The Patna Municipal Corporation (PMC) proposal to double the holding tax rates across the city has hardly gone down well with the residents.
“The government seems to have nothing else left in its agenda than to keep on increasing the financial burden on people. The common man is already striving hard to cope with hike in prices of petroleum products, including diesel and LPG. We would now need to cough up more for staying in our own houses. If the civic body wants to increase its revenue why can’t it be done without harassing the masses?” said Sanjay Kumar, a resident of Patna City.
“I have come to know that the PMC is outsourcing the task of garbage management to another government agency (Bihar Urban Services Corporation Limited, a special purpose vehicle of Bihar Urban Infrastructure Development Corporation). The PMC also earned many a rap from the Patna High Court quite frequently in matters related to waterlogging and other sanitation activities. I would like to ask the PMC officials that if they are not able to provide such basic municipal services in the city then on what grounds they seek more holding tax from citizens?” asked Ritesh Sinha, a resident of Mandiri.

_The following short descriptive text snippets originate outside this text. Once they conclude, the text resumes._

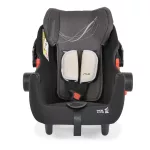 Moni Multi autós hordozó i-size 40-87cm fekete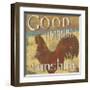 Rise & Shine II-Daphne Brissonnet-Framed Giclee Print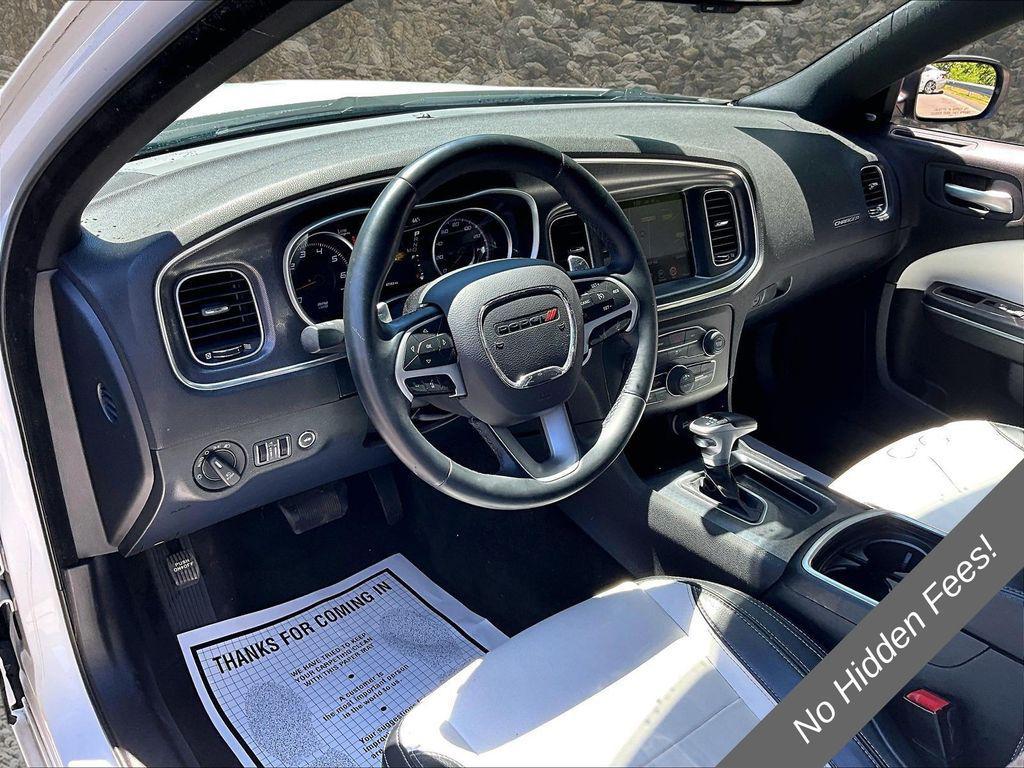 used 2016 Dodge Charger car, priced at $19,985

The civic body, however, claimed that the hike in holding tax is inevitable as rates in Patna are far lower than the average property tax rate across the country.

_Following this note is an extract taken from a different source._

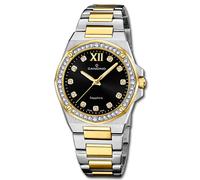 Candino Montre Femmes Acier Inoxydable Argent Or Elegance UC4752/3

“The national average for property tax is Rs 486 per person but the same in Patna is Rs 126 only. We have revised the holding tax structure according to the directives of the urban development department. Moreover, the proposal is still to be approved by the PMC board, after which it would go to the urban development department for the final approval,” said a senior PMC official.
The PMC standing committee gave its nod for hike in the holding tax twice the present rate at a meeting on Sunday.
“Technically, the annual rental values (ARV) for different categories of houses on three categories of streets in the city is proposed to be raised twice than their existing value. For instance, the existing ARV for a fully commercial house having reinforced concrete roof on a principal road (a road that has municipal water supply pipeline) is Rs 54 per square feet. In the new format, it will be Rs 108,” said the PMC official.